The synchronous short audio moderation operation uses an HTTP or HTTPS interface to detect content in audio files. It converts audio to text in real time and returns content moderation results and risk tags to help you improve your review efficiency. This topic describes how to call the /green/voice/syncscan operation to moderate audio content.
Usage notes
API operation: /green/voice/syncscan. This operation performs synchronous audio moderation.
You can call this operation to create synchronous audio moderation tasks. For more information about how to construct an HTTP request, see Request structure. You can also use a pre-built HTTP request. For more information, see SDK overview.
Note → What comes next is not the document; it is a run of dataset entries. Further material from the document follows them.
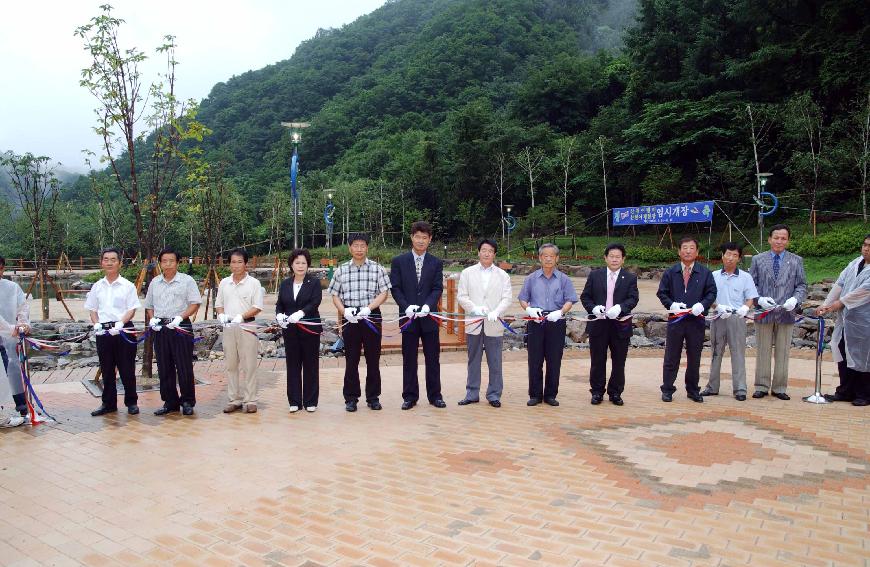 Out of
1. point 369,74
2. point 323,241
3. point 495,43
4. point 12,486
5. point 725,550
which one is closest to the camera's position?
point 725,550

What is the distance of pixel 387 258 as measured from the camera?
41.0 metres

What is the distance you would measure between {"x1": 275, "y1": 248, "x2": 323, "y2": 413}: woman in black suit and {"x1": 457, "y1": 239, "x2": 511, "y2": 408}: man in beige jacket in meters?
1.53

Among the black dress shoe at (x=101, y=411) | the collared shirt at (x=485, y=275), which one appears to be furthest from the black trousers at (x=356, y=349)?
the black dress shoe at (x=101, y=411)

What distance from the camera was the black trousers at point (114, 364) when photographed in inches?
231

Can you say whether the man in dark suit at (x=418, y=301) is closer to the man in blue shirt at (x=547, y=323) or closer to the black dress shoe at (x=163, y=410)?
the man in blue shirt at (x=547, y=323)

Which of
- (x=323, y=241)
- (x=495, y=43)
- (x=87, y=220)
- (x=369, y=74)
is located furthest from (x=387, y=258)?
(x=369, y=74)

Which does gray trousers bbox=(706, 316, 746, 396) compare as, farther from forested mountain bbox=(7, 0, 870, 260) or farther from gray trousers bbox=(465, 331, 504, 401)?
forested mountain bbox=(7, 0, 870, 260)

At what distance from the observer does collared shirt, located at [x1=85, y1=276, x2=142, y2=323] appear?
5980mm

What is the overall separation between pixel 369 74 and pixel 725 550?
322ft

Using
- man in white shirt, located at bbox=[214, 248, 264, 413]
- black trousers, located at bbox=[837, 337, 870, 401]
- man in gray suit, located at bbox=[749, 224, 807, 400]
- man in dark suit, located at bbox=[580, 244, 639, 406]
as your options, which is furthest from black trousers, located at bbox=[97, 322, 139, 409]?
black trousers, located at bbox=[837, 337, 870, 401]

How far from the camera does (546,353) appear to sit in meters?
6.27

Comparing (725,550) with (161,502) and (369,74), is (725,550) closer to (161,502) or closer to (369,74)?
(161,502)

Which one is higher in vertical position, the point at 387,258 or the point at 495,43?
the point at 495,43

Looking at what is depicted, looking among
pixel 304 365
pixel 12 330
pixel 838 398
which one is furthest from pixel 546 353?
pixel 12 330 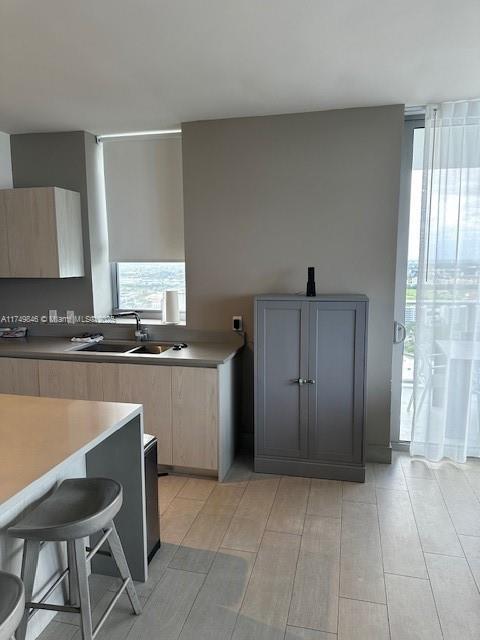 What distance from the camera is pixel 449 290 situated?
10.9ft

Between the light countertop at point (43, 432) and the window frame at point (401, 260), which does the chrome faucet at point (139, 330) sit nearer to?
the light countertop at point (43, 432)

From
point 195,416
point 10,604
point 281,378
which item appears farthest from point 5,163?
point 10,604

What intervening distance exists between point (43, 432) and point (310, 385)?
190 centimetres

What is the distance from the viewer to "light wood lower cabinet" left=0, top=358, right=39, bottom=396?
3422 millimetres

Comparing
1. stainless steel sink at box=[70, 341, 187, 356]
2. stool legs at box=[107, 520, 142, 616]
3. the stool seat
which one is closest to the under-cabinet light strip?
stainless steel sink at box=[70, 341, 187, 356]

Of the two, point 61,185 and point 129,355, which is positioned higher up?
point 61,185

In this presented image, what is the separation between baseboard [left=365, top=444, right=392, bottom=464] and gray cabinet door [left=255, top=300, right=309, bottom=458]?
62 cm

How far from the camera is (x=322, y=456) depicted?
10.6ft

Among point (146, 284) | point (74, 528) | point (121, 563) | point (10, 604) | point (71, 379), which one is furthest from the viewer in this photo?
point (146, 284)

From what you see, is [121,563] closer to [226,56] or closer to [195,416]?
[195,416]

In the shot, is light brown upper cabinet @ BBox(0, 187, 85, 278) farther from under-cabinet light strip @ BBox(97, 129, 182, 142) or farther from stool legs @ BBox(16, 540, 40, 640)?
stool legs @ BBox(16, 540, 40, 640)

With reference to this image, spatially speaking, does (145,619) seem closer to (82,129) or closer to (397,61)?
(397,61)

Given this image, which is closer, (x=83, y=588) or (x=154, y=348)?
(x=83, y=588)

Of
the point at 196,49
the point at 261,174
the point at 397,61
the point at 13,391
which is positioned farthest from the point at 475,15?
the point at 13,391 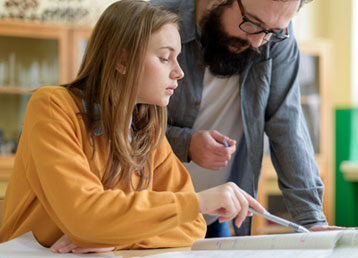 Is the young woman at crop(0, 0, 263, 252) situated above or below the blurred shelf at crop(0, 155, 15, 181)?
above

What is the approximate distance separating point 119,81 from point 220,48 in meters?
0.44

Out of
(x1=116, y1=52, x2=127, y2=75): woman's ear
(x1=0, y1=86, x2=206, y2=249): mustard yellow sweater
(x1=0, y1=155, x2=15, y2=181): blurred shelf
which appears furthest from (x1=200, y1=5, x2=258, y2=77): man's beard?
(x1=0, y1=155, x2=15, y2=181): blurred shelf

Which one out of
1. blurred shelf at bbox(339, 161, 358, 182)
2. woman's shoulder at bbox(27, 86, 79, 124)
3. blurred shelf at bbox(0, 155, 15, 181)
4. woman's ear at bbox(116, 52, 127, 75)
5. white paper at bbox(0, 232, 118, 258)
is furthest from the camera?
blurred shelf at bbox(339, 161, 358, 182)

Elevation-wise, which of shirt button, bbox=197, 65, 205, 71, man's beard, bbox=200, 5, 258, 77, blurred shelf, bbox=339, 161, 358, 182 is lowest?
blurred shelf, bbox=339, 161, 358, 182

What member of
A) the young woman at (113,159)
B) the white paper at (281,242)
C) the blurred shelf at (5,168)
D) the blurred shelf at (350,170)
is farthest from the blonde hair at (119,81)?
the blurred shelf at (350,170)

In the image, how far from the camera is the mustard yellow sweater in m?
0.89

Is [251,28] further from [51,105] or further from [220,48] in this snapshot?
[51,105]

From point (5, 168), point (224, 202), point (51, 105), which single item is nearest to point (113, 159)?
point (51, 105)

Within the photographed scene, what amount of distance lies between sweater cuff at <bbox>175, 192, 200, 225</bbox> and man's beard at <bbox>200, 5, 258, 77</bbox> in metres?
0.63

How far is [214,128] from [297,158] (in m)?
0.29

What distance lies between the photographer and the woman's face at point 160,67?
1.14 meters

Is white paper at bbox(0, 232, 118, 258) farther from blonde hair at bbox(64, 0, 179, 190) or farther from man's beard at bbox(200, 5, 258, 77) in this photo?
man's beard at bbox(200, 5, 258, 77)

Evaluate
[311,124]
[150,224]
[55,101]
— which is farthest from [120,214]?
[311,124]

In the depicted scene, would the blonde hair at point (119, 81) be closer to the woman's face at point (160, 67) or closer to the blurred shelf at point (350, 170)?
the woman's face at point (160, 67) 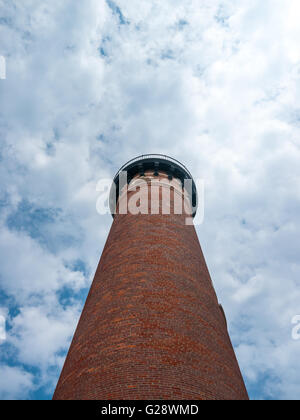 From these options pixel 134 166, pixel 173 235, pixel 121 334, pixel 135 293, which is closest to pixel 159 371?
pixel 121 334

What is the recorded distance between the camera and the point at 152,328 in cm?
749

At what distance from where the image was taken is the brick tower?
21.9 ft

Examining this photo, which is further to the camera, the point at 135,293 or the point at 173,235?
the point at 173,235

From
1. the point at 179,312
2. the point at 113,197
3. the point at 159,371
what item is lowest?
the point at 159,371

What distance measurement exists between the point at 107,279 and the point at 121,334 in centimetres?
230

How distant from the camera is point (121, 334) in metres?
7.49

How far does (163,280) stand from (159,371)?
2.51 metres

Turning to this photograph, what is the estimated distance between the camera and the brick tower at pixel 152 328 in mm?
6688

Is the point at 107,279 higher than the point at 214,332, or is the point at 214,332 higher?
the point at 107,279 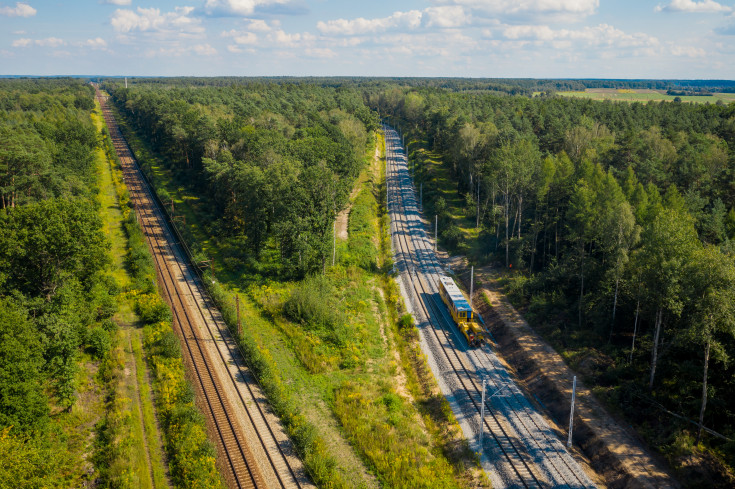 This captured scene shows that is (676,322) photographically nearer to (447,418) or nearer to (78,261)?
(447,418)

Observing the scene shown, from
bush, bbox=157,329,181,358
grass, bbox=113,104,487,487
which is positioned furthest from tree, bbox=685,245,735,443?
bush, bbox=157,329,181,358

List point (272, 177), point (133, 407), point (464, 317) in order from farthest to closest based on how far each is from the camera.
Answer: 1. point (272, 177)
2. point (464, 317)
3. point (133, 407)

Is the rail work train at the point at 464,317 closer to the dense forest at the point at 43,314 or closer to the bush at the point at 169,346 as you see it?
the bush at the point at 169,346

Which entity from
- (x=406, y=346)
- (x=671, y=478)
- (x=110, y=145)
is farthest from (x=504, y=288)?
(x=110, y=145)

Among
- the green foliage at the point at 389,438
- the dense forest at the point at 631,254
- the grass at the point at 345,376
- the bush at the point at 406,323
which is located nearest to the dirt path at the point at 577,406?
Result: the dense forest at the point at 631,254

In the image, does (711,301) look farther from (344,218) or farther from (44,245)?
(344,218)

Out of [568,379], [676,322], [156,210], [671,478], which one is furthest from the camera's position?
[156,210]

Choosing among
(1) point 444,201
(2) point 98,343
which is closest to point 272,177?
(2) point 98,343

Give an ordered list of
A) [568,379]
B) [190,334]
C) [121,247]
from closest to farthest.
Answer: [568,379] < [190,334] < [121,247] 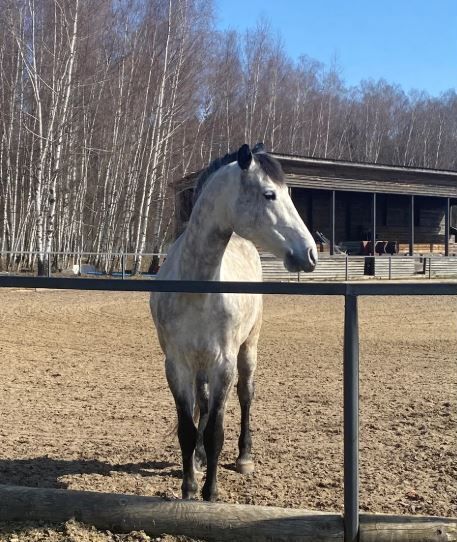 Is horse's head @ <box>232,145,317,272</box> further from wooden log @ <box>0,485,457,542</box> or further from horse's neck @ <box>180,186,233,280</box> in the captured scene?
wooden log @ <box>0,485,457,542</box>

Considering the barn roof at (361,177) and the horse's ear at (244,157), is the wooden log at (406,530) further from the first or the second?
the barn roof at (361,177)

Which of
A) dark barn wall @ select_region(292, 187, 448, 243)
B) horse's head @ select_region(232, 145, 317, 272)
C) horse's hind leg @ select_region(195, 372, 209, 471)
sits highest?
dark barn wall @ select_region(292, 187, 448, 243)

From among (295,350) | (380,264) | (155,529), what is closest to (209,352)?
(155,529)

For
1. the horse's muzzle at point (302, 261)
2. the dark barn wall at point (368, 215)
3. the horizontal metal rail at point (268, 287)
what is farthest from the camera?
the dark barn wall at point (368, 215)

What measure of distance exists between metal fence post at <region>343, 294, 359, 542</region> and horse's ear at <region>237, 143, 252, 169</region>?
0.98 meters

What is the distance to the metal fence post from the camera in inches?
95.7

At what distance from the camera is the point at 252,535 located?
8.20ft

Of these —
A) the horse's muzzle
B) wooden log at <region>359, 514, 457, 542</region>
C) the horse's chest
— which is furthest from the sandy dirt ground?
the horse's muzzle

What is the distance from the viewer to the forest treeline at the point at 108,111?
67.8 feet

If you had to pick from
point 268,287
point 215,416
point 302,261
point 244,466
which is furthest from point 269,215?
point 244,466

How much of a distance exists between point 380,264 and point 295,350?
604 inches

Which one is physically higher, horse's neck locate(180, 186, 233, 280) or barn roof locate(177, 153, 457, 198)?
barn roof locate(177, 153, 457, 198)

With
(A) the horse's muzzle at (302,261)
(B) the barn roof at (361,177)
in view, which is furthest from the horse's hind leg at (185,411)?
(B) the barn roof at (361,177)

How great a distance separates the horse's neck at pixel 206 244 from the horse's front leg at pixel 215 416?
1.77ft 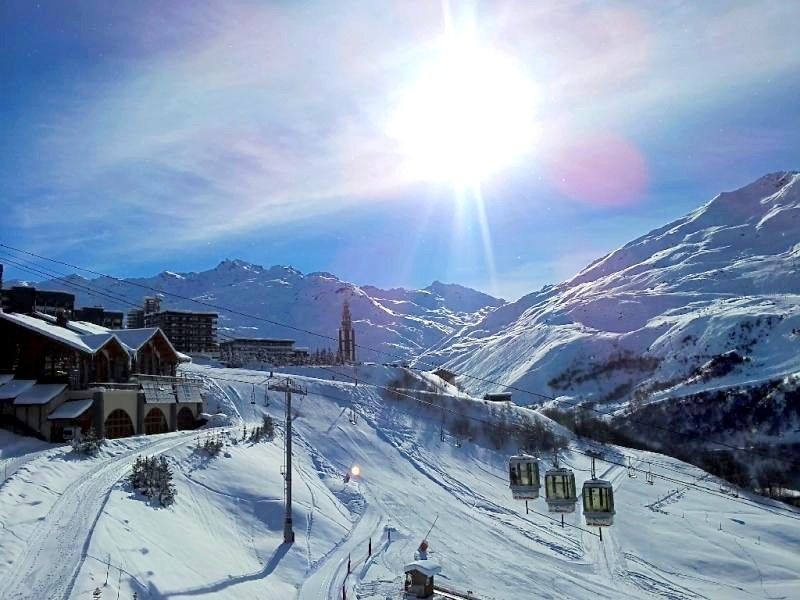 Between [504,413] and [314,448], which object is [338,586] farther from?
[504,413]

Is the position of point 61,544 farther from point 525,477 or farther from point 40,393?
point 40,393

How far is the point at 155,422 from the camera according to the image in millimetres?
49438

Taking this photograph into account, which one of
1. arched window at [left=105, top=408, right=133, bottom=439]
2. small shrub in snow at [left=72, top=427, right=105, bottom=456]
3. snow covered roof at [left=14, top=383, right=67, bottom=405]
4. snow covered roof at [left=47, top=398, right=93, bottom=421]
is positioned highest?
snow covered roof at [left=14, top=383, right=67, bottom=405]

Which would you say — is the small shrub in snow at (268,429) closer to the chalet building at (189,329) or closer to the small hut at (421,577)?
the small hut at (421,577)

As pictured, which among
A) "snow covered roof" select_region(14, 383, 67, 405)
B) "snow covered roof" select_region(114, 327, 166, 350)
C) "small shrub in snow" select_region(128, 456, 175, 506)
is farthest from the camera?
"snow covered roof" select_region(114, 327, 166, 350)

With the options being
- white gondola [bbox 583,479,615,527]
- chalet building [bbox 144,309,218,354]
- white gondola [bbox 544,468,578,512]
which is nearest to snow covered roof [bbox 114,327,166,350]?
white gondola [bbox 544,468,578,512]

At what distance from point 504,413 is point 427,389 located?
12.9 m

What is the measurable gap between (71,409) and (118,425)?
4.37 m

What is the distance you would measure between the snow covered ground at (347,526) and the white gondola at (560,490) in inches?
251

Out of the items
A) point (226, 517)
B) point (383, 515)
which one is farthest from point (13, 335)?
point (383, 515)

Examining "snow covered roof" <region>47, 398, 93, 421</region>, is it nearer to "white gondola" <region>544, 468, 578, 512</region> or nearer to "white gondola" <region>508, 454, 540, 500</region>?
"white gondola" <region>508, 454, 540, 500</region>

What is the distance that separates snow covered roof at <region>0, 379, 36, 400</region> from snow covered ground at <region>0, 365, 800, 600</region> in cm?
292

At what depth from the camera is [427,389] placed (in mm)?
93062

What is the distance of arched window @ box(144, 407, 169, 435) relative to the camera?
48.6 m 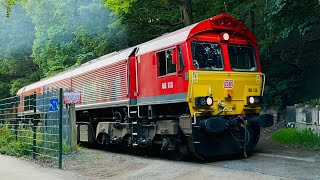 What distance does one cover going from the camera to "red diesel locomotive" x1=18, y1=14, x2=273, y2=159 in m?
10.9

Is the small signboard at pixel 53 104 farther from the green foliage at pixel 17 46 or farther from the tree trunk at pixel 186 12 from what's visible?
the green foliage at pixel 17 46

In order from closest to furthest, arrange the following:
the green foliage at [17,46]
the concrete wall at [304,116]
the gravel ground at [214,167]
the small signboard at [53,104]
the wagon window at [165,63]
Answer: the gravel ground at [214,167]
the wagon window at [165,63]
the small signboard at [53,104]
the concrete wall at [304,116]
the green foliage at [17,46]

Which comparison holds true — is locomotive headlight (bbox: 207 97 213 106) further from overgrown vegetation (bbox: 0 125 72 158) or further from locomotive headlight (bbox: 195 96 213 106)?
overgrown vegetation (bbox: 0 125 72 158)

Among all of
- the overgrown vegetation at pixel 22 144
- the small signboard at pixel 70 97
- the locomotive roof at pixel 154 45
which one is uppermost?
the locomotive roof at pixel 154 45

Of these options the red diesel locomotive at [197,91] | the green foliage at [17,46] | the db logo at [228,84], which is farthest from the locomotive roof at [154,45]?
the green foliage at [17,46]

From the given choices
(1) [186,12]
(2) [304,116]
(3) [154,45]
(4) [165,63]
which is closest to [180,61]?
(4) [165,63]

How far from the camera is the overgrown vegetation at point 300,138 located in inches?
484

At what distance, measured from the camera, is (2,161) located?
12172 mm

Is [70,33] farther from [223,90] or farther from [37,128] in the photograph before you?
[223,90]

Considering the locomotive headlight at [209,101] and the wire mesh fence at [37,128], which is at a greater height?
the locomotive headlight at [209,101]

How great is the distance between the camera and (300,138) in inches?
511

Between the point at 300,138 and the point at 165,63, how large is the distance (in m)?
4.86

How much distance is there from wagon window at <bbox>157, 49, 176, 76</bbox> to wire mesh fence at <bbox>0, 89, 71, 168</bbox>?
2921 millimetres

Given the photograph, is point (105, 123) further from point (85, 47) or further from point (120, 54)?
point (85, 47) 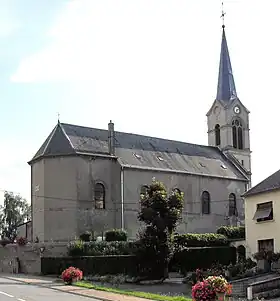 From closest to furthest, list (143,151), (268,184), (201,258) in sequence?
1. (268,184)
2. (201,258)
3. (143,151)

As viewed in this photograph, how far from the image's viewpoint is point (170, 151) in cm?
5450

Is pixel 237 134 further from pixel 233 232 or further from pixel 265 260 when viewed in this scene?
pixel 265 260

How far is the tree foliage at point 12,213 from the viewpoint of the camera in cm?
8025

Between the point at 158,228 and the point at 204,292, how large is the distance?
17.1 meters

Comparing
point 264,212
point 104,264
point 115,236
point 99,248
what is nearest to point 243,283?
point 264,212

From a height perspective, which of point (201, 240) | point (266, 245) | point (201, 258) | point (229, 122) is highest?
point (229, 122)

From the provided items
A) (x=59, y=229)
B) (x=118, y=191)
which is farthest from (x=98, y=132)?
(x=59, y=229)

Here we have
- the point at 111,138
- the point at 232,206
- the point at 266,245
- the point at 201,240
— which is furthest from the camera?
the point at 232,206

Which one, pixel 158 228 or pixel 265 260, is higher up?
pixel 158 228

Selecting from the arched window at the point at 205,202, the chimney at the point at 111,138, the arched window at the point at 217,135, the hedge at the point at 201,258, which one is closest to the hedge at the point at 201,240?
the hedge at the point at 201,258

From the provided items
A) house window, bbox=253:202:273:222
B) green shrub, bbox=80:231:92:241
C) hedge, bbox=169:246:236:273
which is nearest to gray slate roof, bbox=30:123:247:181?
green shrub, bbox=80:231:92:241

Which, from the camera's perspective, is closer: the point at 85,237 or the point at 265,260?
the point at 265,260

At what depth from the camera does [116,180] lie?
47.6 m

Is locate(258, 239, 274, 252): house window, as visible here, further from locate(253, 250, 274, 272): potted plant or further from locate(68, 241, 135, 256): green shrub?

By default, audio moderation detects Mandarin Chinese. To detect other languages or dialects, contact your account manager. Other languages include English, Japanese, Spanish, Arabic, French, Indonesian, and Vietnamese. Dialects include Cantonese, Sichuanese, Hubei dialect, Shaanxi dialect, Shanxi dialect, Henan dialect, Northeastern dialect, Tianjin dialect, Gansu dialect, Guizhou dialect, Yunnan dialect, Jiangxi dialect, Guangxi dialect, Hunan dialect, Shandong dialect, Suzhou dialect, Zhejiang dialect, Shanghainese, and Minnan.
- Billing information:
You are charged for calling this operation. For more information about the billing methods, see
- Audio file requirements:
- The size of an audio file cannot exceed 20 MB.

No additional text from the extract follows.